* _SUPPLIED RECORDS_:
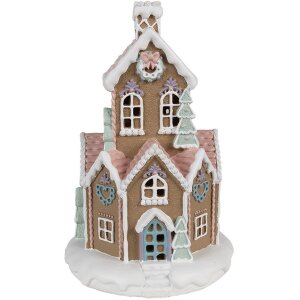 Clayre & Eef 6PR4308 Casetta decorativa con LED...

==

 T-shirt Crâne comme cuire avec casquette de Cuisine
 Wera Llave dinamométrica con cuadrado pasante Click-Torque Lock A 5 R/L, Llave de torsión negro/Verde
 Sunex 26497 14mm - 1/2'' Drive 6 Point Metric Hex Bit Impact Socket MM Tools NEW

* _ABOUT THIS TASK_: Once you reach the line with "T-shirt Crâne comme" in the data above, copy it and every line after it exactly, up to and including the line with "Sunex 26497 14mm".

* _OUTPUT BELOW_:
 T-shirt Crâne comme cuire avec casquette de Cuisine
 Wera Llave dinamométrica con cuadrado pasante Click-Torque Lock A 5 R/L, Llave de torsión negro/Verde
 Sunex 26497 14mm - 1/2'' Drive 6 Point Metric Hex Bit Impact Socket MM Tools NEW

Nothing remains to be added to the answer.